ACTION ITEM:
Repeat the data below exactly, dropping any pictures it holds.
......
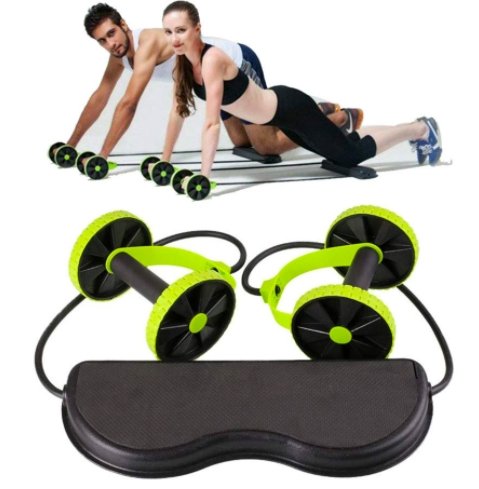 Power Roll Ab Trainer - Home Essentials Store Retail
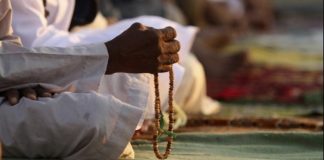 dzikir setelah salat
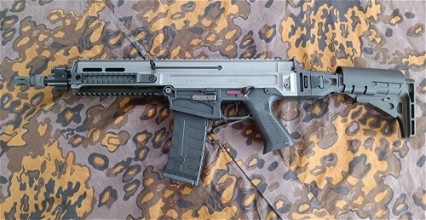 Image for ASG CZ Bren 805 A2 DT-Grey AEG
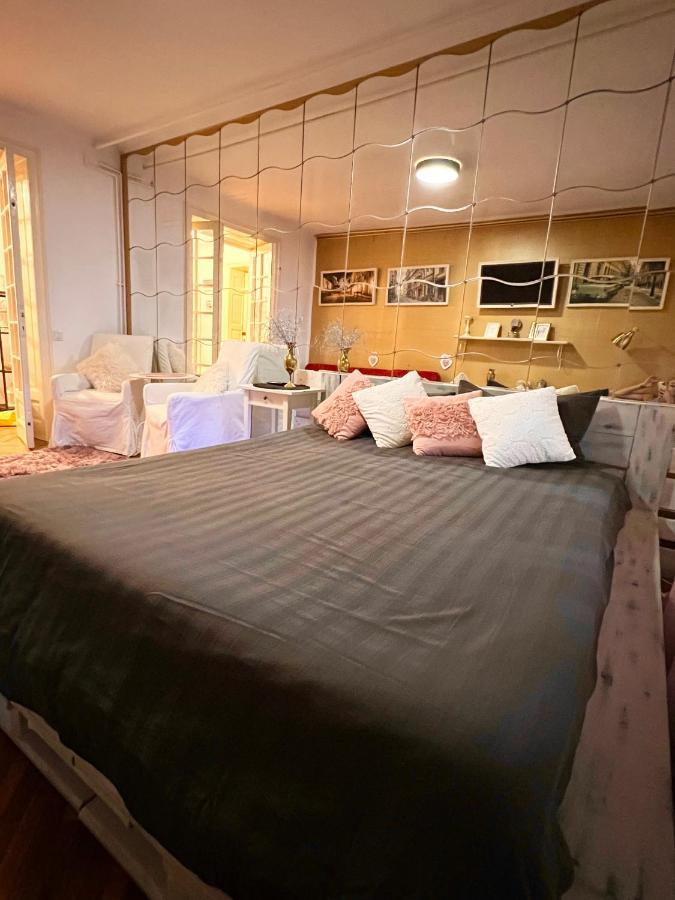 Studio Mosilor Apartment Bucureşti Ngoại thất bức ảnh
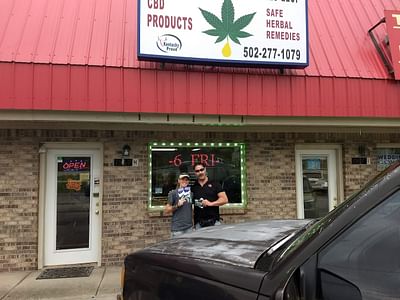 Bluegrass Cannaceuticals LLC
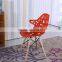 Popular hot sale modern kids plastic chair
......
RESULT OF THIS TASK:
 Power Roll Ab Trainer - Home Essentials Store Retail
 dzikir setelah salat
 Image for ASG CZ Bren 805 A2 DT-Grey AEG
 Studio Mosilor Apartment Bucureşti Ngoại thất bức ảnh
 Bluegrass Cannaceuticals LLC
 Popular hot sale modern kids plastic chair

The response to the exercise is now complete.